> [EXERCISE REQUIREMENTS]
Exclude the pictures. Transcribe, exactly as written, the lines from the one with "Fabric Deposit Bag, Vinyl, 5.5" through the end of the entries below.

+ + + + + + +

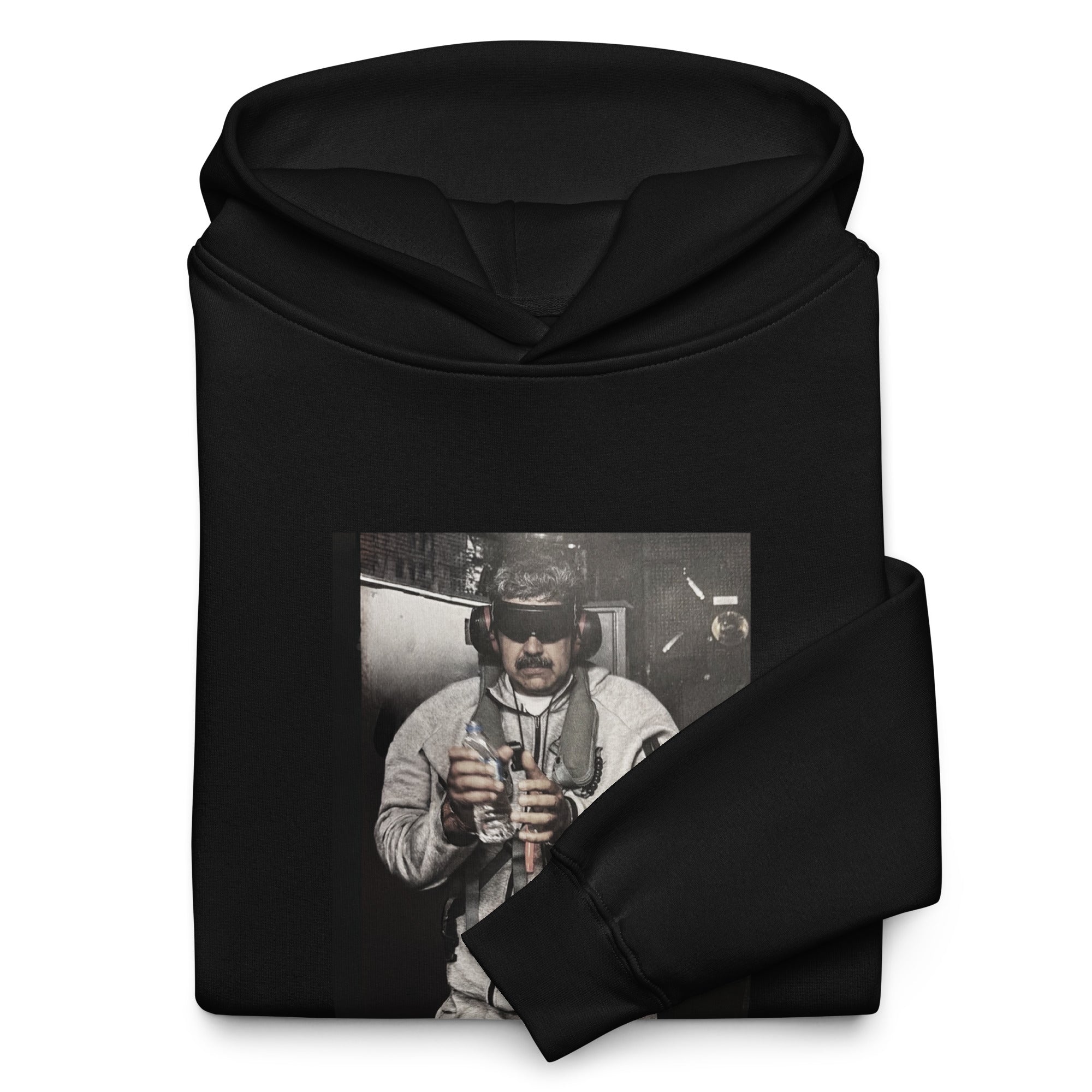 January 3rd 2026 oversized hoodie in black, folded detail — ropa venezolana #color_black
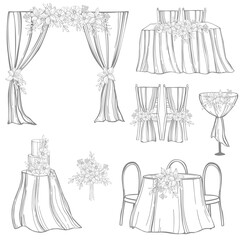 Wedding set. Vector illustration.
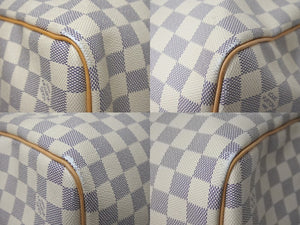 極美品 LOUIS VUITTON ルイヴィトン ダミエ アズール キーポル55 ボストンバッグ N41429 PVC ヌメ革 ホワイト ブラウン 中古 4c075967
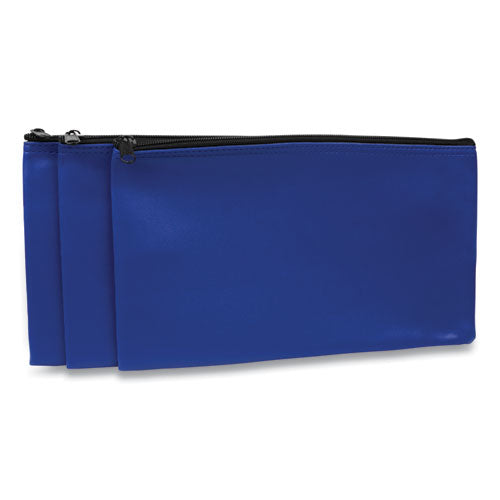 Fabric Deposit Bag, Vinyl, 5.5 X 11, Blue, 3-pack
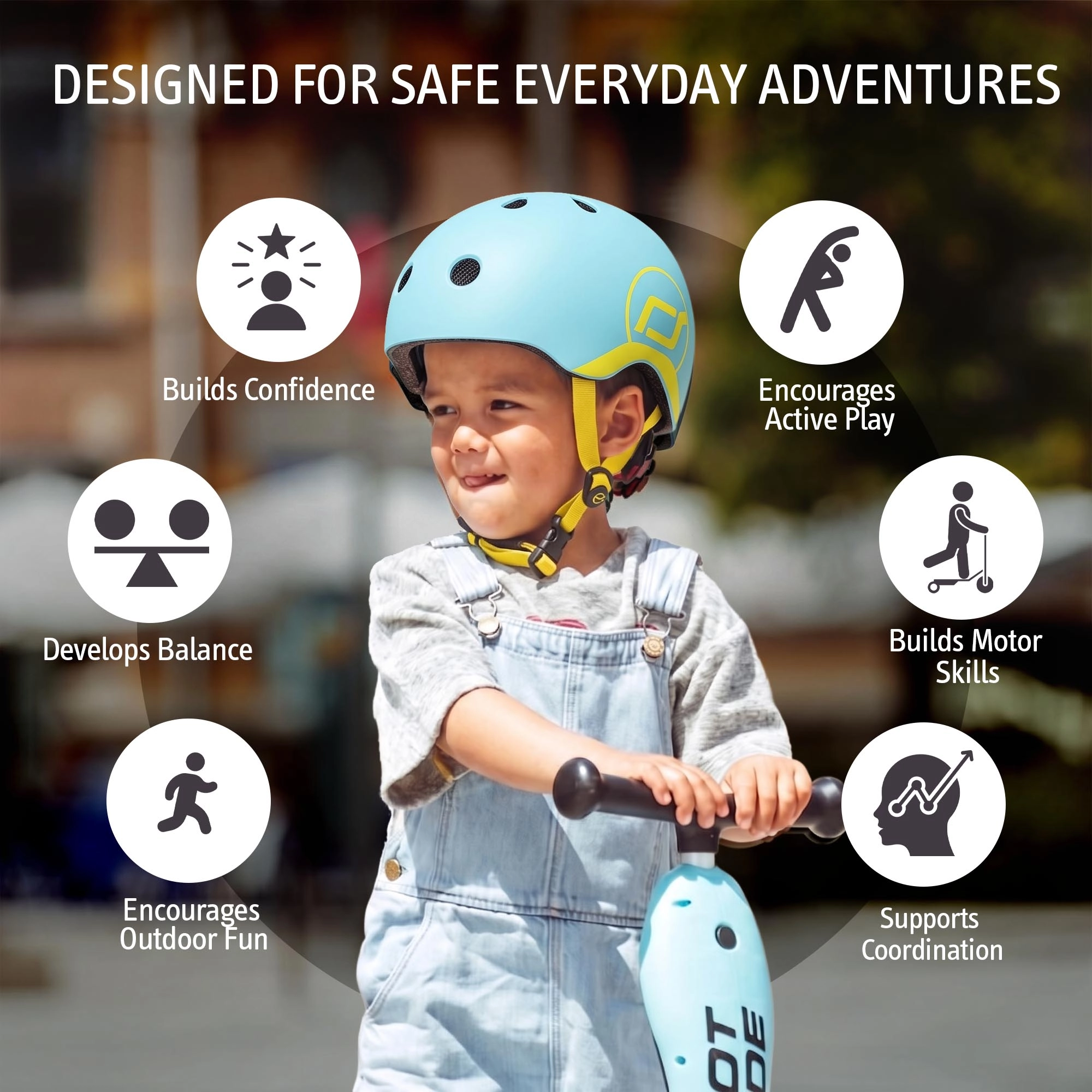 Scoot & Ride Baby Helmet XXS-S, Adjustable Kids Helmet with Magnetic Fastener, Baby Head Protector for Children with 45–51 cm Head Size, Blueberry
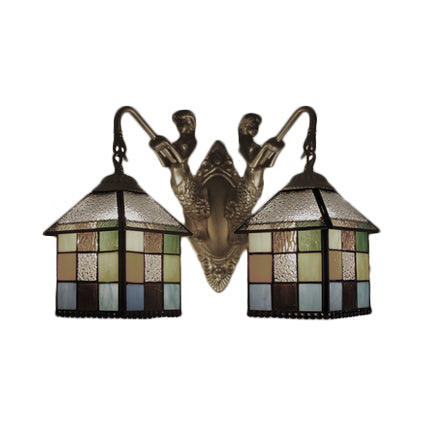 House Wall Light Fixture Tiffany Multicolor Stained Glass 2 Heads Clear/Blue Sconce Lighting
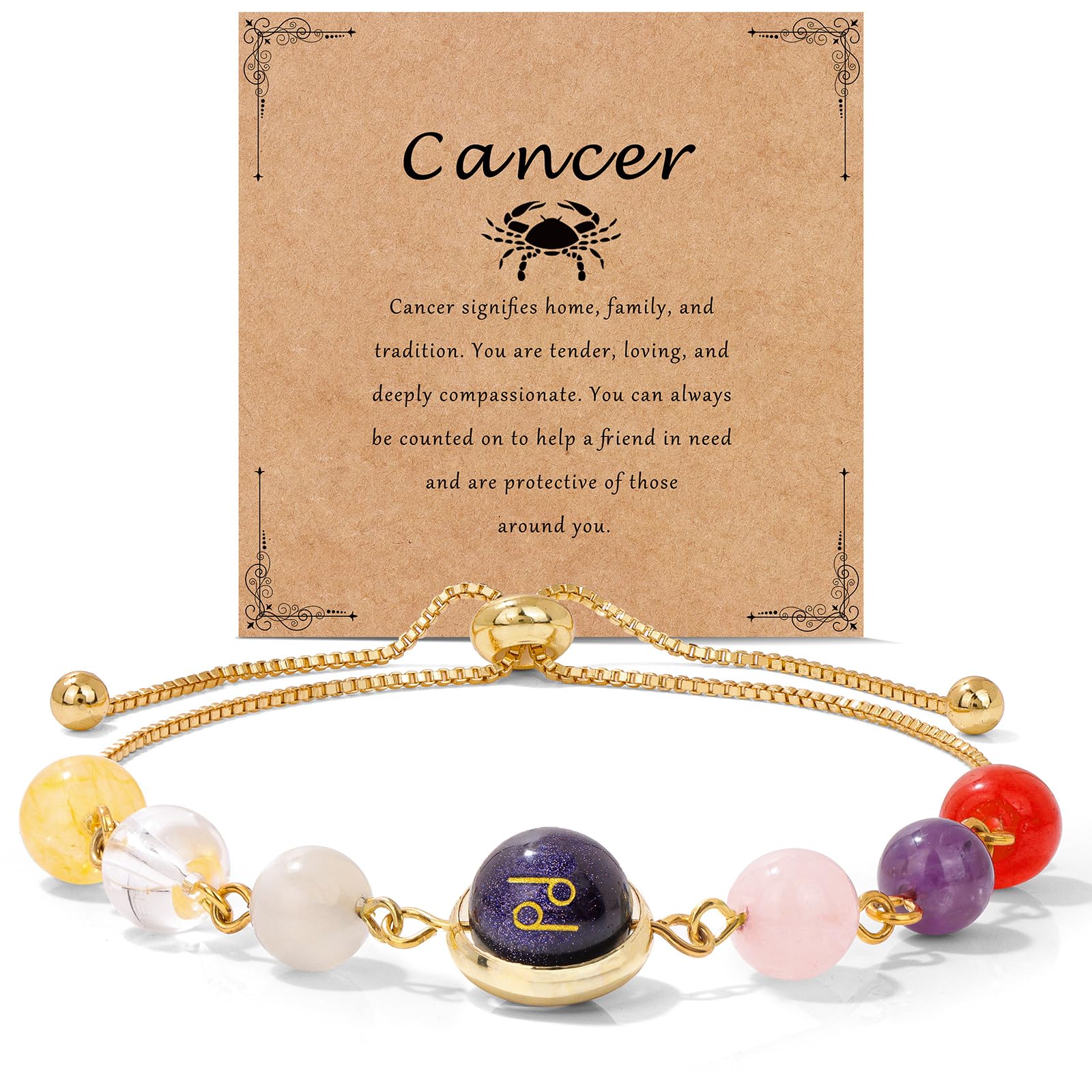Zodiac Bracelets for Women 18K Gold Plated Natural Stone Zodiac Sign Bracelets Gemstone Beads Healing Crystal Bracelets Constellation Horoscope Jewelry Gifts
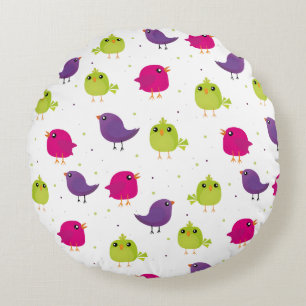 Cute colourful birds  round cushion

+ + + + + + +

> [ANSWER SECTION]
 Fabric Deposit Bag, Vinyl, 5.5 X 11, Blue, 3-pack
 Scoot & Ride Baby Helmet XXS-S, Adjustable Kids Helmet with Magnetic Fastener, Baby Head Protector for Children with 45–51 cm Head Size, Blueberry
 House Wall Light Fixture Tiffany Multicolor Stained Glass 2 Heads Clear/Blue Sconce Lighting
Zodiac Bracelets for Women 18K Gold Plated Natural Stone Zodiac Sign Bracelets Gemstone Beads Healing Crystal Bracelets Constellation Horoscope Jewelry Gifts
 Cute colourful birds  round cushion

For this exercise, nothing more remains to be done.